TASK TO COMPLETE: Print the data below exactly, but only the lines from the one containing "DIY glass beads" down to the one containing "Undisclosed Address Bakersfield, CA", inclusive.

Short web captions:

──────

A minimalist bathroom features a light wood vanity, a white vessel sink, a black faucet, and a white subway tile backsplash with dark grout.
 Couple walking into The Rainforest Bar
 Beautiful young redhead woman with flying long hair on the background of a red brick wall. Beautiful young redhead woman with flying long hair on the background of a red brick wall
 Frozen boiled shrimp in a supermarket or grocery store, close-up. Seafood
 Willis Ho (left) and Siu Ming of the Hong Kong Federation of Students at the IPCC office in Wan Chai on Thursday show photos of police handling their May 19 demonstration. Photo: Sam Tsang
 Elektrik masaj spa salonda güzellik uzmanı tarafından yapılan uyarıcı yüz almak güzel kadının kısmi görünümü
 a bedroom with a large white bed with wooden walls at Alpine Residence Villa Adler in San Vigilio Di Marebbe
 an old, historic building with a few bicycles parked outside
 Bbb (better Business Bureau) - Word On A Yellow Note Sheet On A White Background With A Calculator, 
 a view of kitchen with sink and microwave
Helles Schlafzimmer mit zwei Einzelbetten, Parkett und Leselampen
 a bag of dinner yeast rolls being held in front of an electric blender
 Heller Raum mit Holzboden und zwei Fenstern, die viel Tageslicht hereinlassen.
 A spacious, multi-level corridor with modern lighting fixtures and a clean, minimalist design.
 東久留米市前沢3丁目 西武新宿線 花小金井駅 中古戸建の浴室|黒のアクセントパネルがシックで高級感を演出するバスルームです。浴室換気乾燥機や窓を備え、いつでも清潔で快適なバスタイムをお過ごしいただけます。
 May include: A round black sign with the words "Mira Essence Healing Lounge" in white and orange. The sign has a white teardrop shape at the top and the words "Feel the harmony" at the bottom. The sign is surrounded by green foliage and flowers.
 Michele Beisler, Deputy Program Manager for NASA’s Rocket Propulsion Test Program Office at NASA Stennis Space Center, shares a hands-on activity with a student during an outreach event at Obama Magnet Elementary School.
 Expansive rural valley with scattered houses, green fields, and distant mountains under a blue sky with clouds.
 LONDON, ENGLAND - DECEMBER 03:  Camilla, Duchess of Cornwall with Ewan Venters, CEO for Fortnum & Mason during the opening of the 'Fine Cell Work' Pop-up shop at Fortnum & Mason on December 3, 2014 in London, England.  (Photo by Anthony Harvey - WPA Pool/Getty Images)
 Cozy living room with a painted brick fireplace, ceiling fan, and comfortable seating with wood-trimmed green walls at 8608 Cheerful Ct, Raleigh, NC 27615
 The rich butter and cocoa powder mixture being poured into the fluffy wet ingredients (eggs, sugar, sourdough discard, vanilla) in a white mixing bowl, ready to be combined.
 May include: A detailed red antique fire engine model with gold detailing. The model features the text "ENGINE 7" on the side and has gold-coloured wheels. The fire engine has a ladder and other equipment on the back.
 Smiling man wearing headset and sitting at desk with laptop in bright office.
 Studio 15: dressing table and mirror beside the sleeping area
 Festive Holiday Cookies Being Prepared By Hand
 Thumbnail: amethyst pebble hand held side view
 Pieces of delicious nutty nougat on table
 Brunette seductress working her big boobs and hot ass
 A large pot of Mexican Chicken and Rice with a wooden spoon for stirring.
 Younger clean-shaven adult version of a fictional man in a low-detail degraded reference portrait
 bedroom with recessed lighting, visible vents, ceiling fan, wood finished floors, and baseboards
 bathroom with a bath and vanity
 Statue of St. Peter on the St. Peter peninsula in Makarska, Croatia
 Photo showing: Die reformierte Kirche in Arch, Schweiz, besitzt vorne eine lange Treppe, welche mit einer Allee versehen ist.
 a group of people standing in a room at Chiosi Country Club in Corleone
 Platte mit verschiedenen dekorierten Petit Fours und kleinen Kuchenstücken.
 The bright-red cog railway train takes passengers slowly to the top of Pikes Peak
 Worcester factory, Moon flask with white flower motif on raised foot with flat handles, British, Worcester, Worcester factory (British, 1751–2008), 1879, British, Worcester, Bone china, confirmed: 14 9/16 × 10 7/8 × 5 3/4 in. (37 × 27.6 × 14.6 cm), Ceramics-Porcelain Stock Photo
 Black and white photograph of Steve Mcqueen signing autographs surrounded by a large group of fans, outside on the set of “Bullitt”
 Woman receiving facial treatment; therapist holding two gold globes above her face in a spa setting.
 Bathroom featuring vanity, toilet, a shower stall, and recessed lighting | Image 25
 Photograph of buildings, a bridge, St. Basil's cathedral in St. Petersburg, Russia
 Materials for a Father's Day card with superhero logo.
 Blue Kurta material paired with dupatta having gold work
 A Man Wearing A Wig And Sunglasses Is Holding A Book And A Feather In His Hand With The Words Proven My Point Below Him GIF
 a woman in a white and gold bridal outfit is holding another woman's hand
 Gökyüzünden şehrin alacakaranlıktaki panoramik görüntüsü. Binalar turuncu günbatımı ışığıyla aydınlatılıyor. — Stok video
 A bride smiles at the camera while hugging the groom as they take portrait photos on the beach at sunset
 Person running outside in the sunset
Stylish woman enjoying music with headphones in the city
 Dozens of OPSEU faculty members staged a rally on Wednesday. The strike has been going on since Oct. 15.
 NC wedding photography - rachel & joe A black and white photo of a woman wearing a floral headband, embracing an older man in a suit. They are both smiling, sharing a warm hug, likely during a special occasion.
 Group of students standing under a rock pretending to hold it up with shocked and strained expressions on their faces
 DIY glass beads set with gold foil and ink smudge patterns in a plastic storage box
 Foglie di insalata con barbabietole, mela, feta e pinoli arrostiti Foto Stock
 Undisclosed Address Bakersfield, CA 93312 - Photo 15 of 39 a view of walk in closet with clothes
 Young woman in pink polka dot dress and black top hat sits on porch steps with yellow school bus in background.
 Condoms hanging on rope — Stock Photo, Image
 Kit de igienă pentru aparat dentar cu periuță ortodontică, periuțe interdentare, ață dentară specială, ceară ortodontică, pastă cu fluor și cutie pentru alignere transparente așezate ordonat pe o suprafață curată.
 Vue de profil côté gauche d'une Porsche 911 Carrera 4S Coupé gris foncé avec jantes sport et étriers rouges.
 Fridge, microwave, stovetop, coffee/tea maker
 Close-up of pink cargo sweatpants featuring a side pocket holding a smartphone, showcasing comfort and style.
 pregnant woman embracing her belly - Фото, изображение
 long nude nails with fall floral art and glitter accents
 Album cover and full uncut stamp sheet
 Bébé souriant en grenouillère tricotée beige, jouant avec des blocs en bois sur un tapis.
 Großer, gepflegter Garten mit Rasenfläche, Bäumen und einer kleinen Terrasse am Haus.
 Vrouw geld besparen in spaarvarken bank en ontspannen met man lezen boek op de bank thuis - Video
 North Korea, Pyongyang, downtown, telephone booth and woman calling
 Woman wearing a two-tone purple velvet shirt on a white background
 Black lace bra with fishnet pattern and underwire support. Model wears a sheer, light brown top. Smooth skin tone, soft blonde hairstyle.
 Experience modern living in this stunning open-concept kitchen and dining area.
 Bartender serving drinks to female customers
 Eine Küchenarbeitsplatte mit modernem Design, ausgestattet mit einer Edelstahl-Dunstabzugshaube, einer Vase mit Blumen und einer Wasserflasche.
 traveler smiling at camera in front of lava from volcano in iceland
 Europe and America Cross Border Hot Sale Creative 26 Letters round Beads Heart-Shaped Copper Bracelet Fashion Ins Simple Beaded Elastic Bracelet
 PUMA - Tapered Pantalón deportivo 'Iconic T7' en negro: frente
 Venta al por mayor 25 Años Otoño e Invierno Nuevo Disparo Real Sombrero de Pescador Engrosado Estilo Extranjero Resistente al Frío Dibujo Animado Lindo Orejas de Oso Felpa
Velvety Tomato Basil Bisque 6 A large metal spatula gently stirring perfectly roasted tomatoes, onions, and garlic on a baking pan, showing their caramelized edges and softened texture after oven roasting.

──────

COMPLETED TASK:
 DIY glass beads set with gold foil and ink smudge patterns in a plastic storage box
 Foglie di insalata con barbabietole, mela, feta e pinoli arrostiti Foto Stock
 Undisclosed Address Bakersfield, CA 93312 - Photo 15 of 39 a view of walk in closet with clothes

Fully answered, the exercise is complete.